Brewster School Board Picks New Superintendent
The Brewster Board of Education tapped a new superintendent of schools during its meeting last week as the community will welcome an outsider to the role for the first time in several years.
Dr. Laurie Bandlow, who is the superintendent at the Paulsboro school system in New Jersey, will assume the job as Brewster school chief on Aug. 1 after her unanimous appointment to the post during last Tuesday’s board meeting. Bandlow will take the reins from Dr. Valerie Henning, who will be moving on to another Hudson Valley school system over the summer.
Bandlow’s contract last until July 31, 2022 and she will be paid $225,000 annually.
“Through my visits and conversations, it’s become very clear to me that Brewster is a very special place,” Bandlow said in a press release. “I know that working with the Board of Education, parents, teachers, and administrators, we can make a difference in the lives of children.”
In a press release, board president Sonia Mesika said that Bandlow showed strength in working with the community at large and school community. Bandlow’s flexibility, vision, and collaborative and caring nature fit Brewster well, Mesika said.
Hiring Bandlow comes after the previous two school chiefs — Henning and former superintendent Tim Conway — were hired for the role after already serving in the Brewster administration. Both had been the second in command before getting the top job. (Henning will now become the new school chief for the Hastings school district this summer.)
Bandlow will enter a school district that has had its fair share of tension and downright anger from community members that complained the school board and administrators were lacking in transparency. The discontent was so palpable that the first proposed budget put forth last school year was rejected even though it was below the New York State tax cap.

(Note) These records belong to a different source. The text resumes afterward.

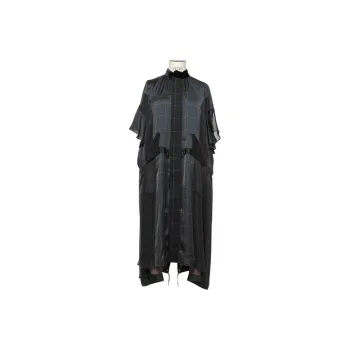 Sacai Windowpane Print Dress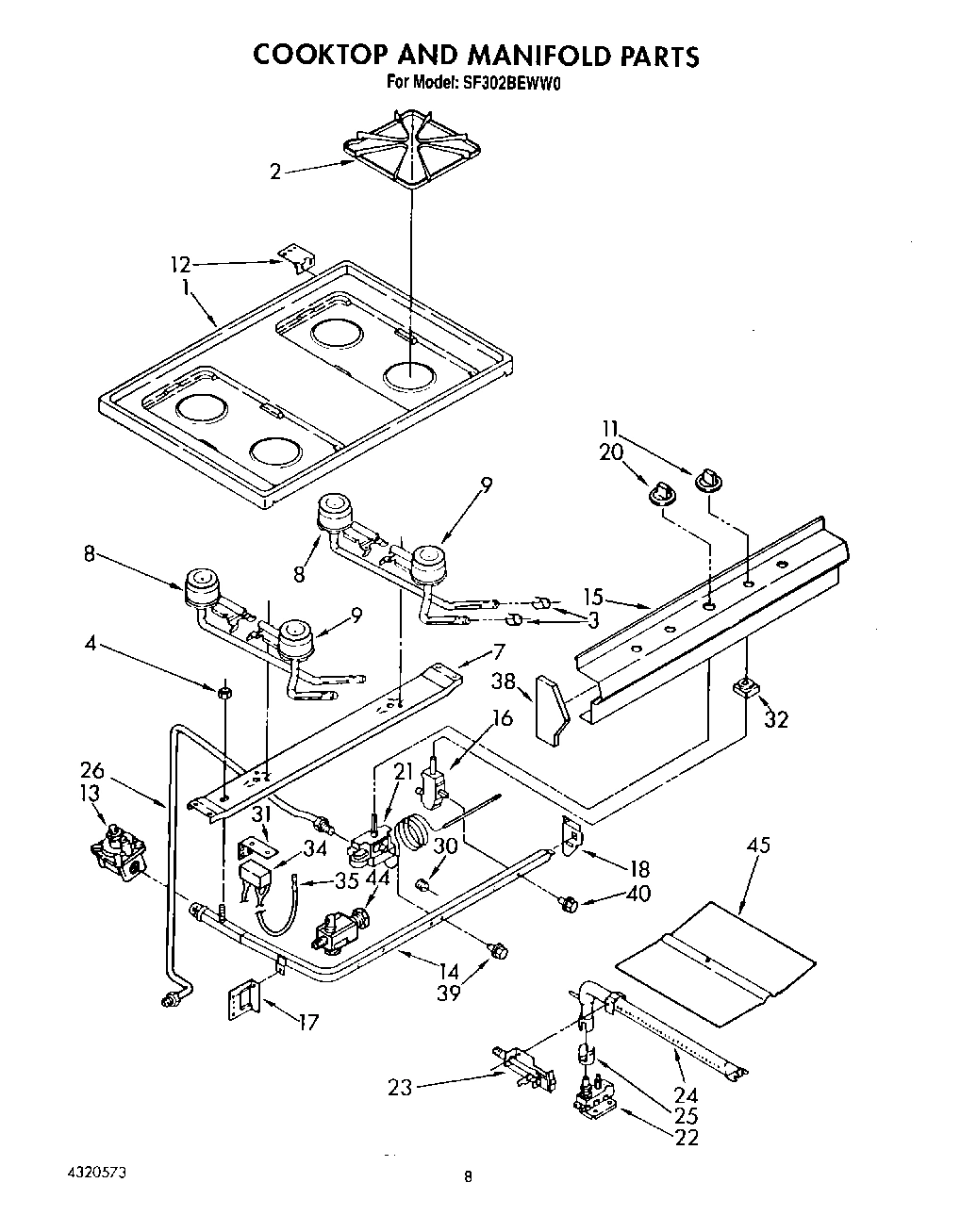 05 - COOKTOP AND MANIFOLD, LIT/OPTIONAL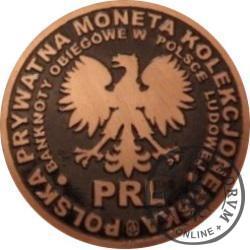 20 ludowych - BANKNOTY PRL - 10 złotych / WZORZEC PRODUKCYJNY DLA MONETY (miedź patynowana)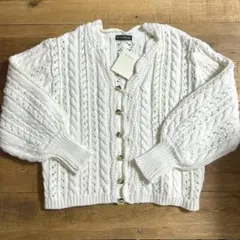 タグ付き　searoomlynn レースジャガードニットカーディガン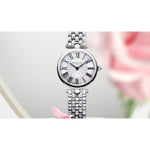 Art Deco Round Diamond Stainless Steel Ladies Watch - FC-200MPW2ARD6B-Frederique Constant-Renee Taylor Gallery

While Bandlow might be an outsider, she has Hudson Valley roots, growing up in Warwick in Orange County and beginning her teaching career at Warwick Middle School.
Then in New Jersey, Bandlow was also an elementary school and middle school principal for the Howell school system and teacher and assistant principal in the West Windsor-Plainsboro Regional School District in Princeton. She has been a Lead Science Teacher, contributor to a National Science Foundation grant, and Governor’s Convocation Teacher of the Year in New Jersey.
Mesika, in an interview, said Bandlow’s level of experience helped separate her from the rest of the applicants for the job.
“We just felt that she had a little bit more experience and more well rounded experience,” Mesika said. “Our focus in our district is always to think of the education for all students, how can we best balance for all kids.”
When asked about selecting someone from outside the district, Mesika said the board always tries to keep a fair process in place whether it gets applicants from inside or outside the district. Finding an external candidate wasn’t the board’s target, Mesika said.
“We always try to adhere to a fair and thorough process who the candidates are in the pool,” Mesika said. “It was just really looking at the needs of the students, needs of the district and making sure the candidate coming in next could fulfill those needs whoever that candidate would be.”